Hi Matthais

When an mapreduce program is being used there are some extra steps like 
checking for input and output dir, calclulating input splits, JT assigning TT 
for executing the task etc.

If your file is non splittable , then one map task per file will be generated 
irrespective of the number of hdfs blocks.
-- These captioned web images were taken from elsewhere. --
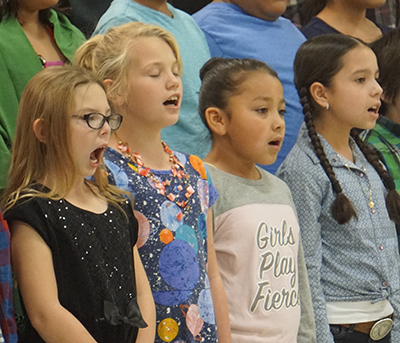 four students with mouth open singing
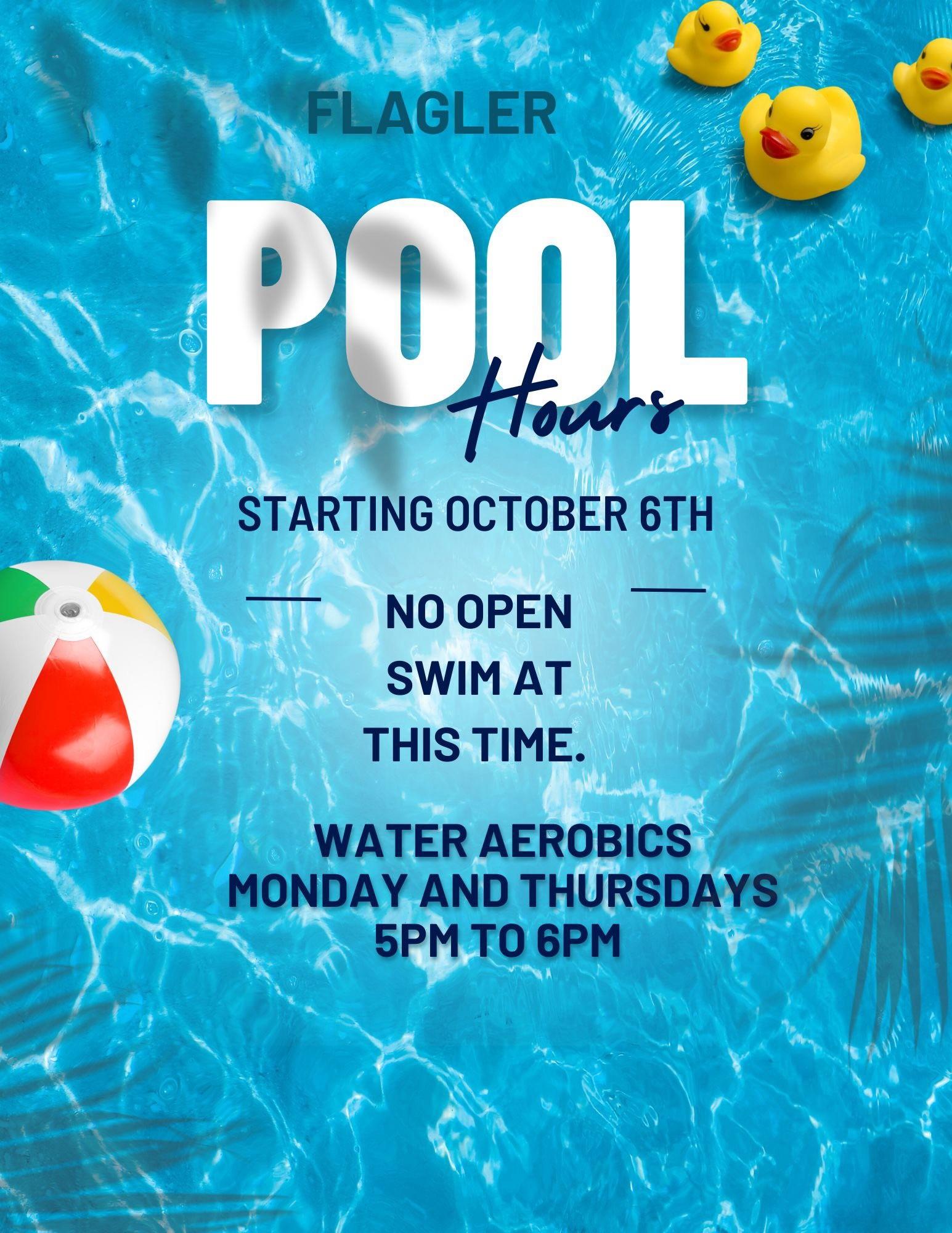 Blue & white lettering on a blue water background with three yellow rubber ducks and red, white and yellow blow up ball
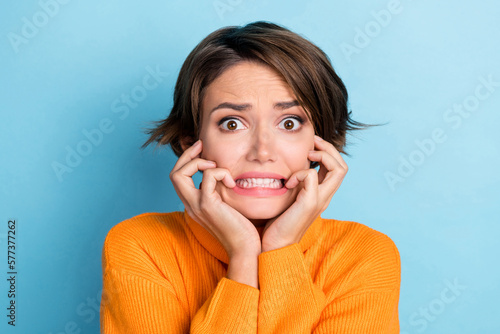 Fotografie Portrait of terrified impressed lady arms touch face grinning teeth isolated on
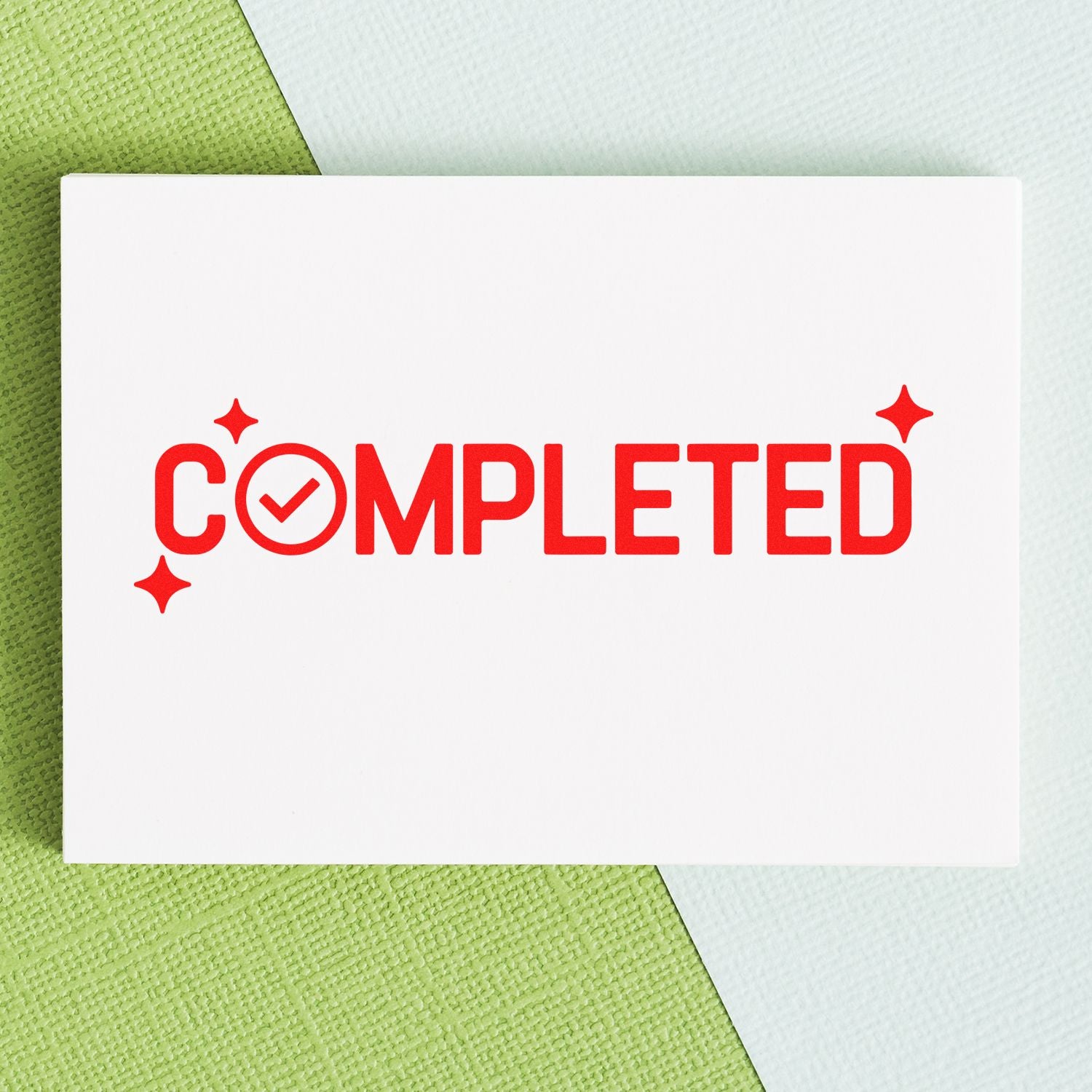 Red COMPLETED rubber stamp with checkmark on white card over green and white textured background.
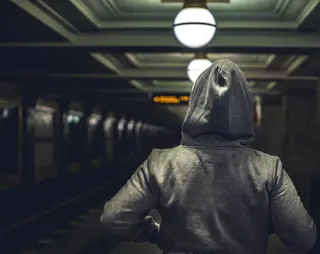Een persoon in een donkere ruimte met een hoodie aan met capuchon op zijn hoofd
Now some blocks will be in a 
different node than the node where map task is executed so time will be spend 
here on the network transfer.

In your case MR would be a overhead as your file is non splittable hence no 
parallelism and also there is an overhead of copying blocks to the map task 
node. 

Regards
Bejoy KS

Sent from handheld, please excuse typos.

-----Original Message-----
From: Matthias Kricke <matthias.mk.kri...@gmail.com>
Sender: matthias.zeng...@gmail.com
Date: Mon, 13 Aug 2012 16:33:06 
To: <user@hadoop.apache.org>
Reply-To: user@hadoop.apache.org
Subject: Re: how to enhance job start up speed?

Ok, I try to clarify:

1) The worker is the logic inside my mapper and the same for both cases.
2) I have two cases. In the first one I use hadoop to execute my worker and
in a second one, I execute my worker without hadoop (simple read of the
file).
   Now I measured, for both cases, the time the worker and
the surroundings need (so i have two values for each case). The worker took
the same time in both cases for the same input (this is expected). But the
surroundings took 17%  more time when using hadoop.
3) ~  3GB.

I want to know how to reduce this difference and where they come from.
I hope that helped? If not, feel free to ask again :)

Greetings,
MK

P.S. just for your information, I did the same test with hypertable as
well.
I got:
 * worker without anything: 15% overhead
 * worker with hadoop: 32% overhead
 * worker with hypertable: 53% overhead
Remark: overhead was measured in comparison to the worker. e.g. hypertable
uses 53% of the whole process time, while worker uses 47%.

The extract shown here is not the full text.